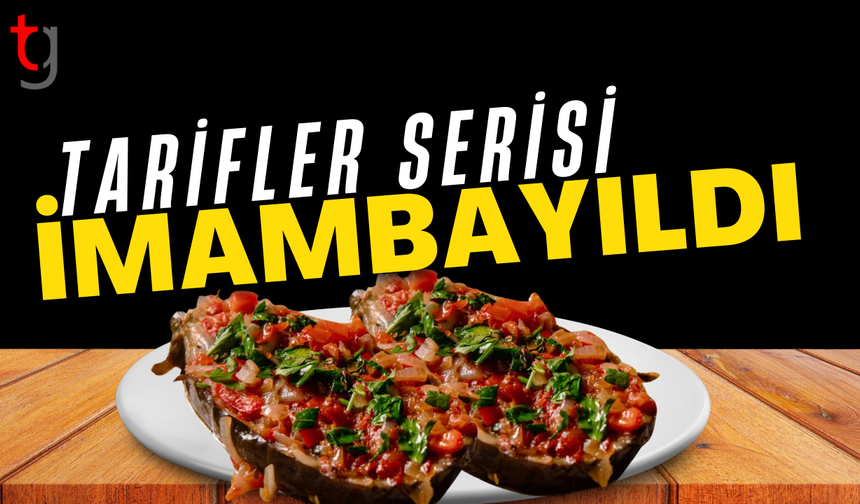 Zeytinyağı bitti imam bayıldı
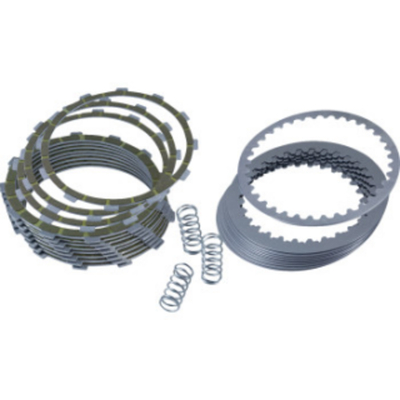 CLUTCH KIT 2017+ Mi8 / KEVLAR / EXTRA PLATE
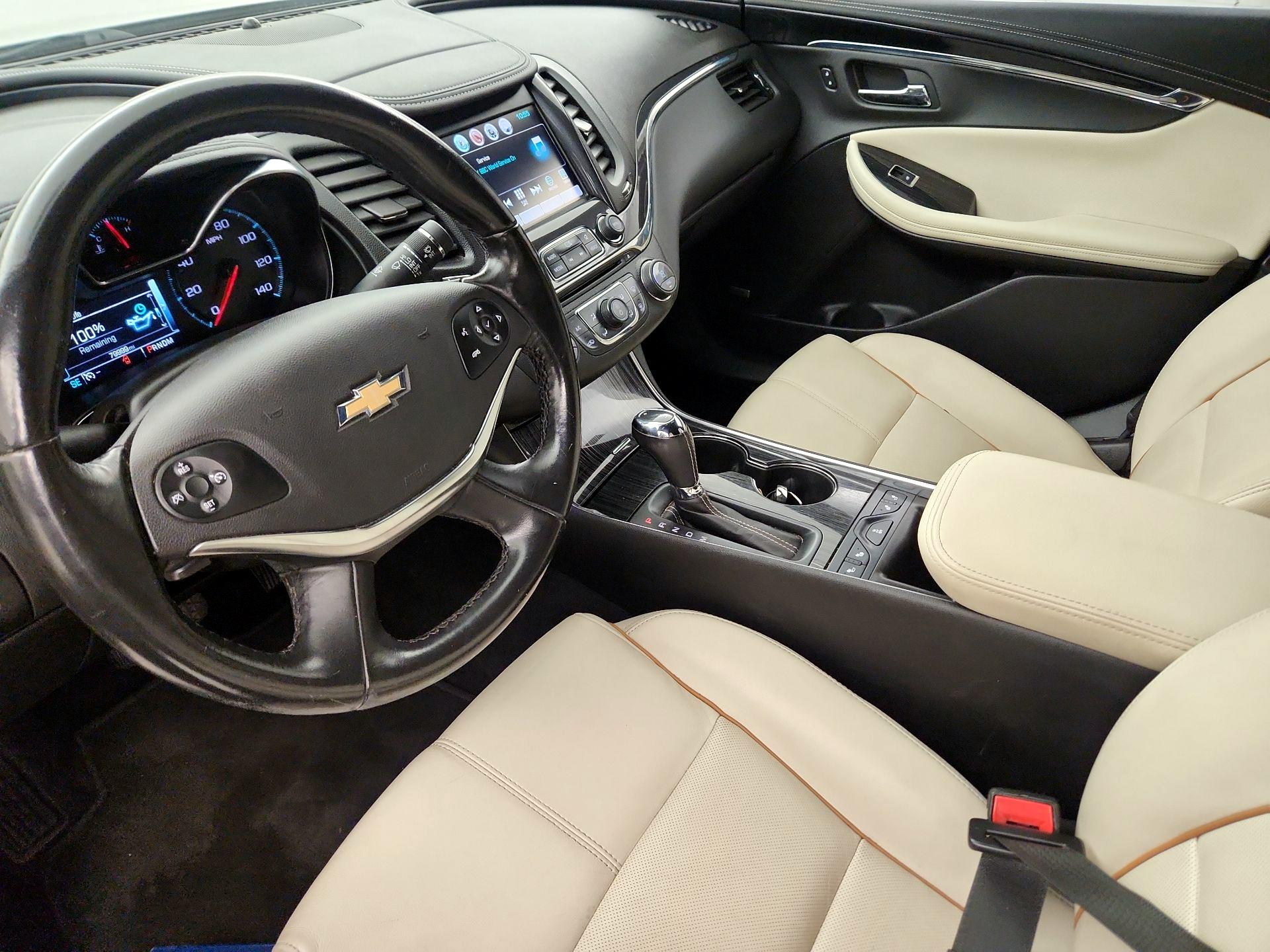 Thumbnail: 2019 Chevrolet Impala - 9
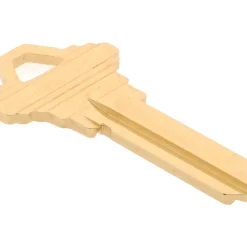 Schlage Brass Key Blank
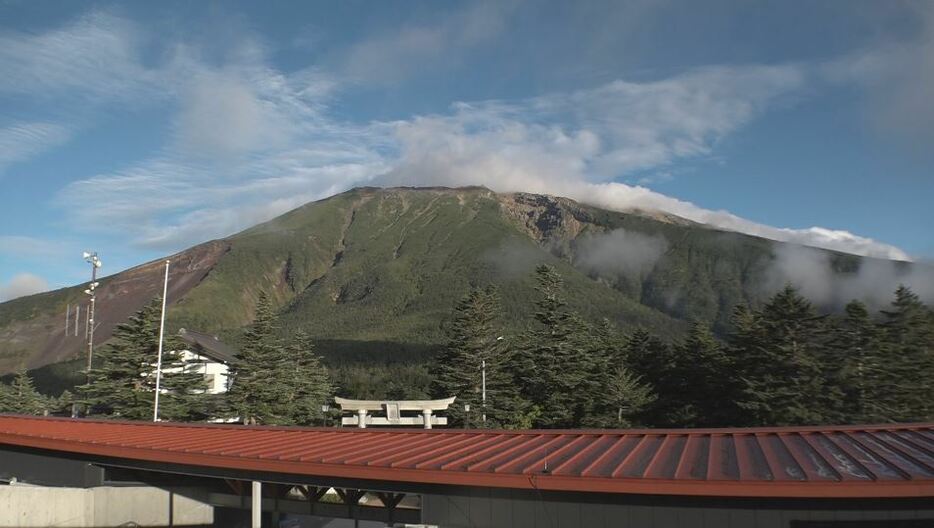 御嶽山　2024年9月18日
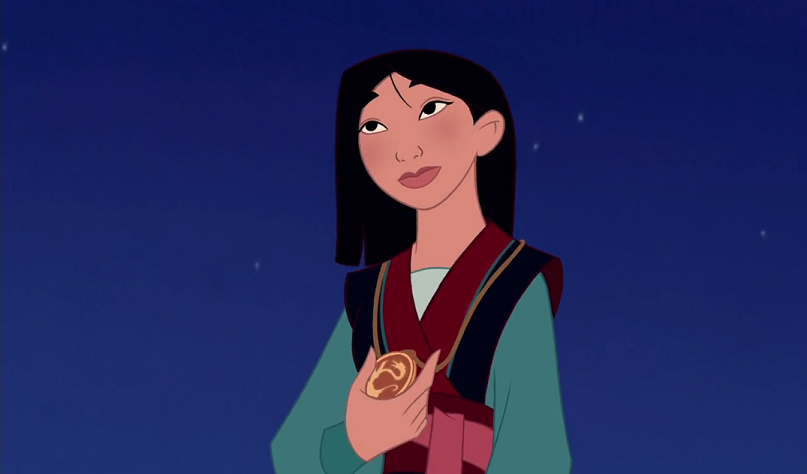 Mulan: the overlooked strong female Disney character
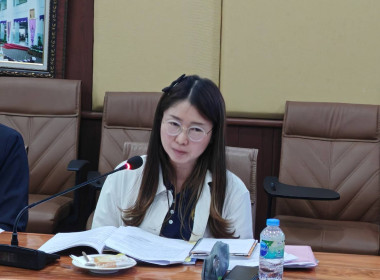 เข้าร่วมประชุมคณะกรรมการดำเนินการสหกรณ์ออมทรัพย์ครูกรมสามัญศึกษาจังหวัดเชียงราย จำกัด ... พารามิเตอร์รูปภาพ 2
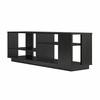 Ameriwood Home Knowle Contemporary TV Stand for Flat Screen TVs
....
▸ TASK DIRECTIONS
For this exercise, write the listing out again exactly, excluding all images.

▸ TASK RESPONSE
 Zeytinyağı bitti imam bayıldı
 CLUTCH KIT 2017+ Mi8 / KEVLAR / EXTRA PLATE
 Thumbnail: 2019 Chevrolet Impala - 9
 Schlage Brass Key Blank
 御嶽山　2024年9月18日
 Mulan: the overlooked strong female Disney character
 เข้าร่วมประชุมคณะกรรมการดำเนินการสหกรณ์ออมทรัพย์ครูกรมสามัญศึกษาจังหวัดเชียงราย จำกัด ... พารามิเตอร์รูปภาพ 2
 Ameriwood Home Knowle Contemporary TV Stand for Flat Screen TVs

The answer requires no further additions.